AMB-104 leverages the validated target engagement of the Company’s CSF1R monoclonal antibody built into an antibody-drug conjugate (ADC) to deliver a tumor-killing payload to treat AML.
Therapeutic area
Acute myeloid leukemia (AML)
Program safety
Validated linker-payload
and target binder
First-in-class
Only agent targeting
CSF1R for AML
Next milestone
IND-enabling studies and submission
AML and unmet needs
AML is a rapidly progressing tumor that develops when at least 20% of the bone marrow cells consist of immature white blood cells (“leukemia blasts”), leading to bone marrow failure to produce healthy blood cells.
Despite available treatments, including intensive chemotherapy or venetoclax-based combinations, approximately 20-40% of newly diagnosed patients do not achieve complete recovery and more than 50% relapse within 3 years.
For relapse or refractory AML patients, some targeted therapies can be used, but a significant number of patients have no actionable biomarkers. As a result, AML remains a devastating disease in need of more efficacious and safer therapies.
AMB-104 ADC for the treatment of AML
CSF1R is overexpressed across different segments of the AML patient population including both newly diagnosed patients and Relapse/Refractory patients. AMB-104 leverages the overexpression of CSF1R to target AML cancer cells with a proven cytotoxic payload and has broad application for use across a range of AML patient populations.

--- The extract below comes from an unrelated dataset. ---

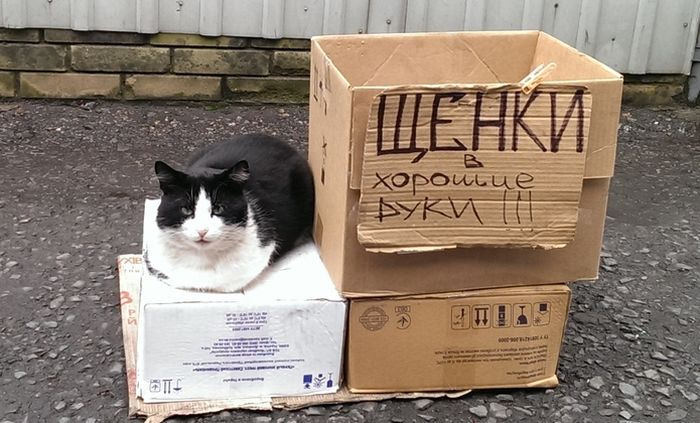 Пусть он ходит везде с тобой, там поймешь, кто такой..) веселые картинки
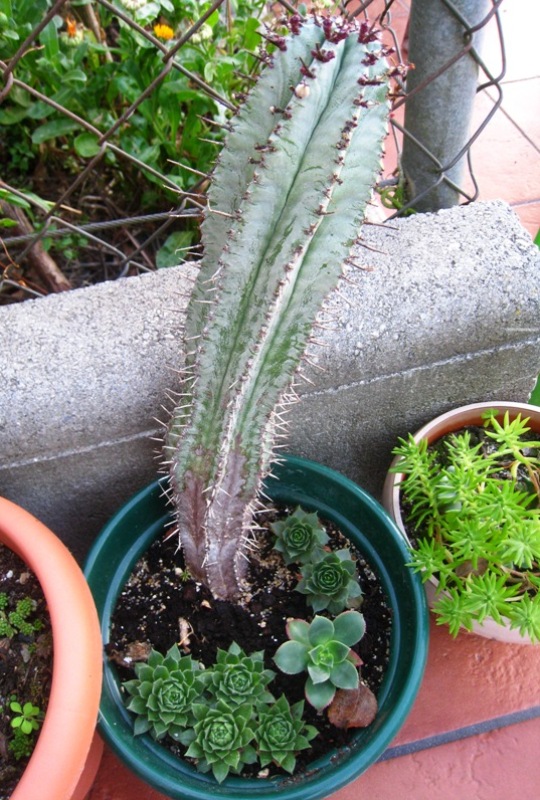 [Foto de planta, jardin, jardineria]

The development of AMB-104 for AML is supported by a robust preclinical data package that includes, among other things, confirmed overexpression of CSF1R on AML patient samples, efficient internalization into AML cells, and robust in vitro and in vivo efficacy data.
AmMax's antibody targeting CSF1R
- Clinically validated target engagement.
- Proven strong binding affinity and internalization in AML cells.
Proven linker with exatecan as payload
- Linker-payload has been tested in multiple Phase 1/2 clinical studies.
- Exatecan (cytotoxic payload) efficacy has been clinically validated.